Однако добровольная сдача Мантинеи Клеомену открывала собою целый ряд тяжелых потерь и неудач для ахеян и Арата. По мере того как росло в массах сочувствие к смелому преобразователю Спарты, убывали силы Арата и его влияние в союзе, и он, еще не дождавшись какого-либо большого сражения, решил заручиться союзом Антигона на случай новых опасностей. При посредстве мегалопольских друзей Арат начал тайные переговоры с царем Македонии, тайные не только потому, что, как рассказывает Полибий, он опасался вызвать противодействие своим замыслам со стороны Клеомена и этолян и показать себя перед ахеянами человеком, ищущим помощи у врагов, но и потому главным образом, что не мог пока рассчитывать на принятие ахейским собранием открытого предложения о союзе с Антигоном. Помимо того, что ахеяне считали для себя наиболее почетным вести войну одним, без союзников, и желали сохранить дружбу Птолемея Эвергета, помимо этого, ахеяне и, прежде всего, коринфяне должны были бы увидеть в таком предложении прямую измену союзу, посягательство на целость и неприкосновенность его территории.

Верность Мегалополя союзу не подлежала сомнению.

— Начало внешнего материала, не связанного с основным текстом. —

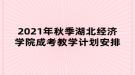 2021年秋季湖北經(jīng)濟(jì)學(xué)院成考教學(xué)計(jì)劃安排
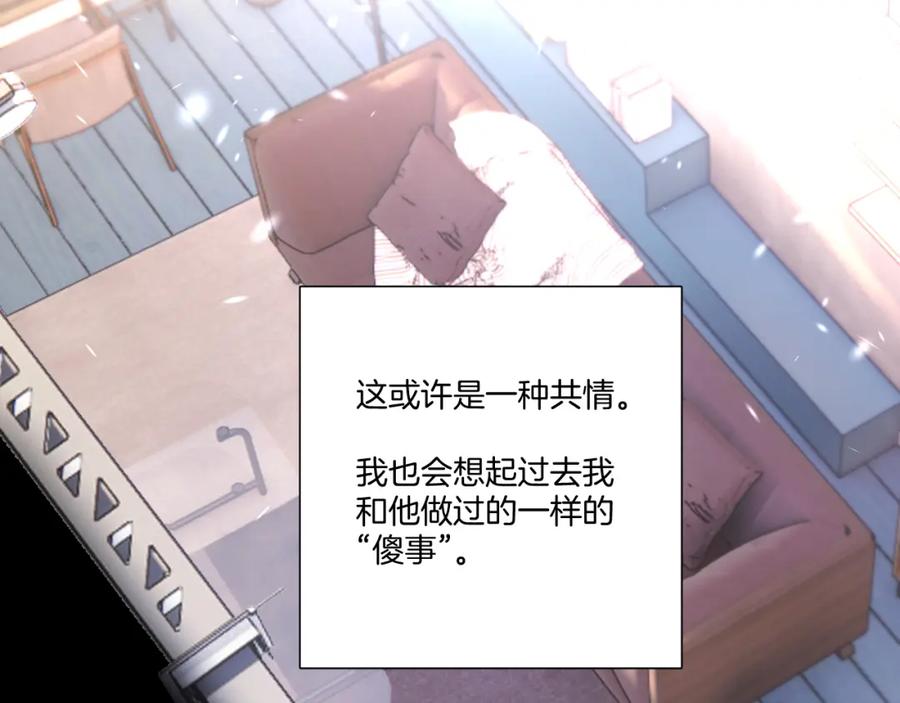 《保护我方大大》第123话 撒娇？ 第19页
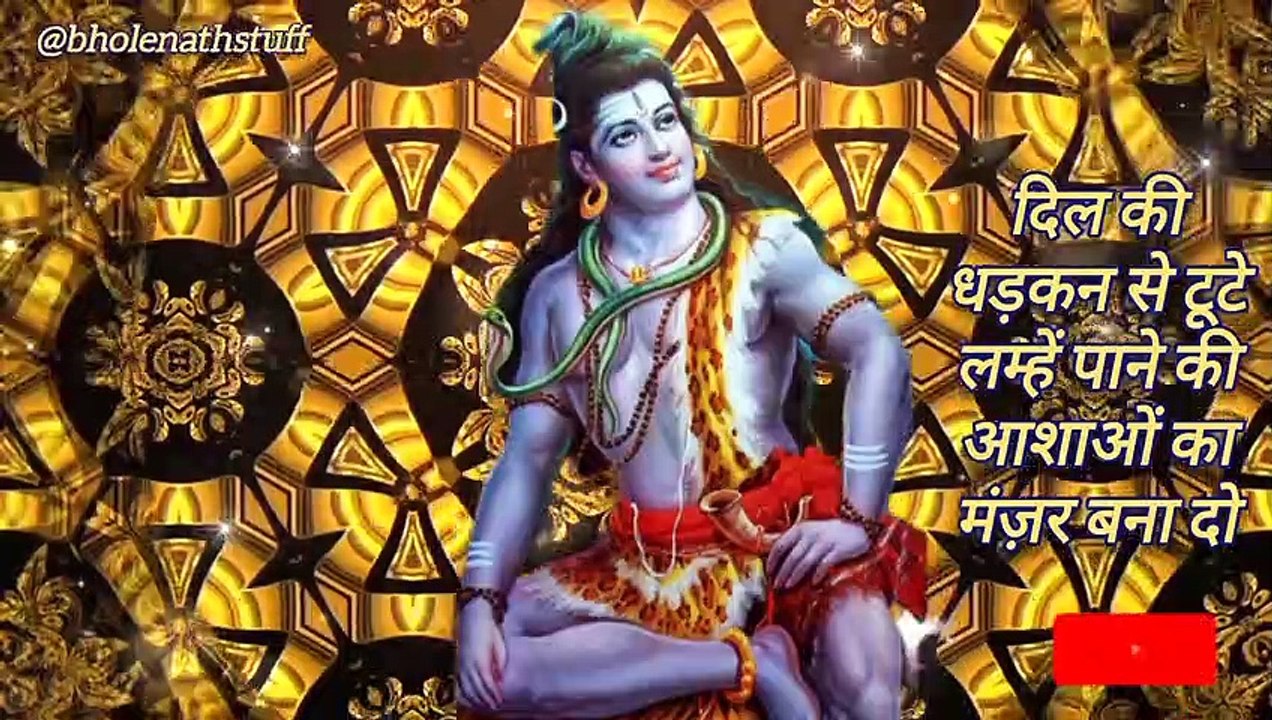 भोलेनाथ की बहार छाई है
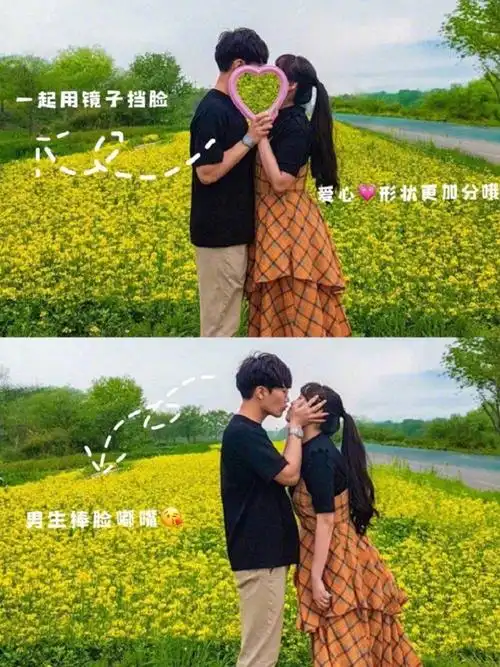 情侣拍照不 露脸姿 势合集,学到了!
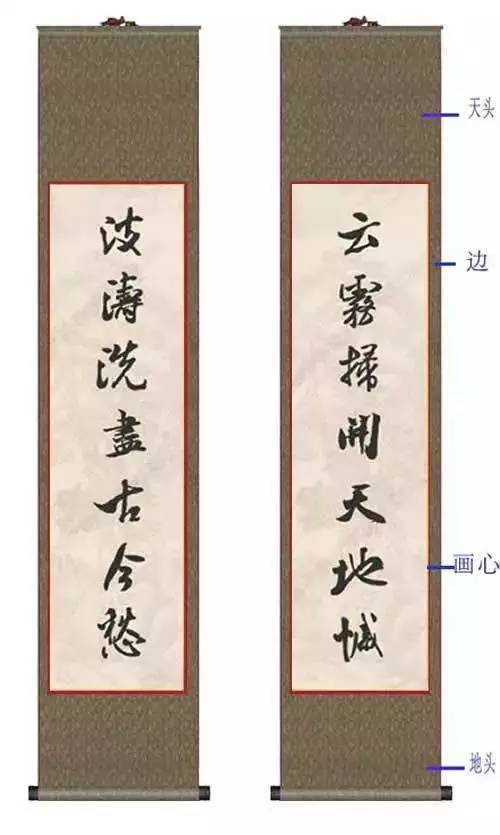 字画如何装裱?八种款式供参考! 书画知识 第11张-墨韵书香 字画如何装裱?八种款式供参考! 书画知识 第11张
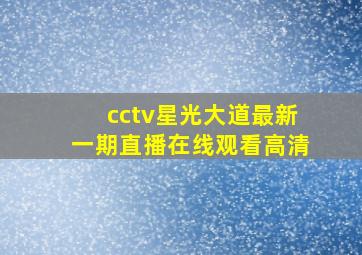 cctv星光大道最新一期直播在线观看高清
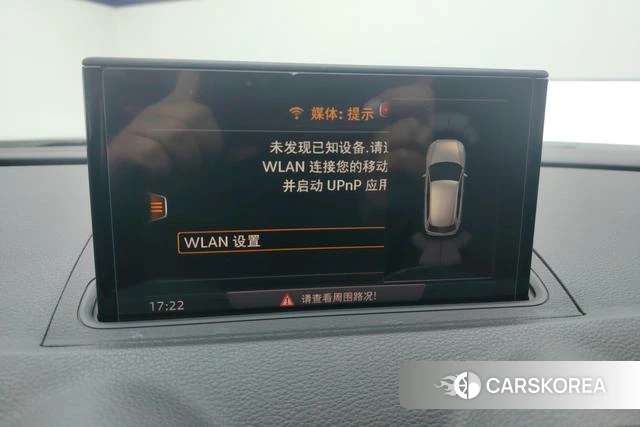 Audi A3 id 4229246 из Китая 13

Первый шаг к сближению ахеян с Антигоном сделан был Аратом с искусством тонкого дипломата. Мегалопольские друзья его, снабженные тайными полномочиями от Арата, возвратились от македонского царя с положительными известиями о дружественном его настроении и о готовности помочь Мегалополю, если последует на то согласие ахейского собрания. Мегалопольцы, с одной стороны, жестоко теснимые лакедемонянами, с другой — более прочих ахеян связанные с македонской династией взаимными услугами с давнего времени, предлагали народному собранию ахеян не медлить с призванием Антигона в Пелопоннес и тут же предоставить ему верховное ведение дел союза. Арат хорошо знал, что помощь царя может быть куплена ценою Акрокоринфа, того самого кремля, с отнятием которого у Антигона Гоната соединены были самые славные дни в его жизни. Антигон понимал Арата, когда этот последний через мегалопольских послов обещал в неопределенных выражениях разрешить вопрос о гарантиях к обоюдному удовольствию; для него было достаточно, что договор о вознаграждении откладывался до той решительной минуты, когда Арату нельзя будет выбирать и колебаться. Предложение мегалопольцев о призвании Антигона было принято ахейским собранием, тем самым осуществлялось затаенное в глубине души желание Арата, чтобы почин в обращении к «врагам» исходил не от него, а от самого ахейского народа. Эта главная цель была достигнута. Тогда Арат выступил с патриотическим увещанием к народу: до поры до времени вести войну собственными силами, испытать раньше все средства и только тогда искать помощи у «друзей», когда собственные усилия не увенчаются успехом222*. Руками мегалопольцев, путем сокрытых переговоров для ахеян Арат достиг того, что народ взирал на Антигона как на дружественного государя, и союзное войско ахеян готово было стать под его начальство. Достойно внимания, что Полибий ни одним словом не упоминает о том, чтобы Арат, до принятия ли решения, или после, возбуждал вопрос о вознаграждении Антигона за услугу. На этом вопросе он ясно провидел крушение всех своих планов.